Everything in the data below is left aside except the lines from the one containing "Pretty woven red, white, brown, and" through the one containing "REDSHIFT ARCLIGHT Pro"; repeat those exactly.

Working data.
*** Begin section ***

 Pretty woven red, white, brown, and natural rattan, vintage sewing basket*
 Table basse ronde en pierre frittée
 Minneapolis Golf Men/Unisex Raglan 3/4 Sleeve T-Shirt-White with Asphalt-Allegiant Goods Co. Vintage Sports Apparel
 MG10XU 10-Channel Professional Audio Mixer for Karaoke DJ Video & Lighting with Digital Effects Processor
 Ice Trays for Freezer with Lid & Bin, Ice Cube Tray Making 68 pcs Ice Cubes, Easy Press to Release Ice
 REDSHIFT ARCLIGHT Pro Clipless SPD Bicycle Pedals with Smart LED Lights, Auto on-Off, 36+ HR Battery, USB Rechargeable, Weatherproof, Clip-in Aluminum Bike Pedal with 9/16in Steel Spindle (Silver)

*** End section ***
*** Begin section ***

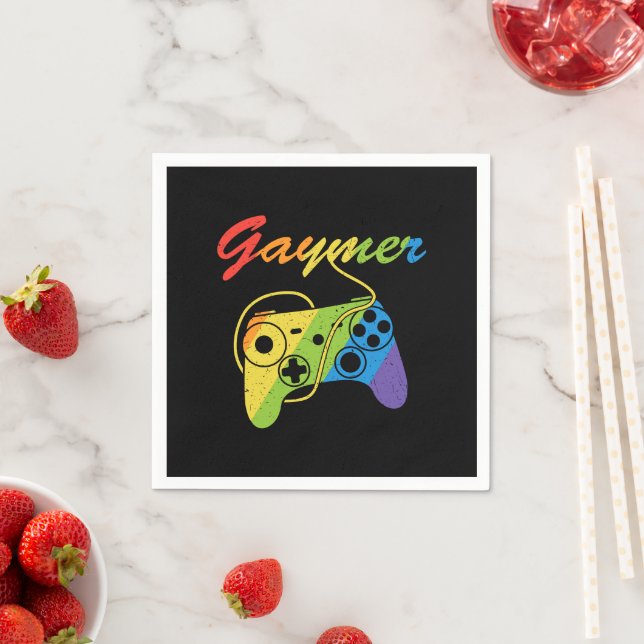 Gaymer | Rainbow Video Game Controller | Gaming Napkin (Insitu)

*** End section ***

Solution for this task.
 Pretty woven red, white, brown, and natural rattan, vintage sewing basket*
 Table basse ronde en pierre frittée
 Minneapolis Golf Men/Unisex Raglan 3/4 Sleeve T-Shirt-White with Asphalt-Allegiant Goods Co. Vintage Sports Apparel
 MG10XU 10-Channel Professional Audio Mixer for Karaoke DJ Video & Lighting with Digital Effects Processor
 Ice Trays for Freezer with Lid & Bin, Ice Cube Tray Making 68 pcs Ice Cubes, Easy Press to Release Ice
 REDSHIFT ARCLIGHT Pro Clipless SPD Bicycle Pedals with Smart LED Lights, Auto on-Off, 36+ HR Battery, USB Rechargeable, Weatherproof, Clip-in Aluminum Bike Pedal with 9/16in Steel Spindle (Silver)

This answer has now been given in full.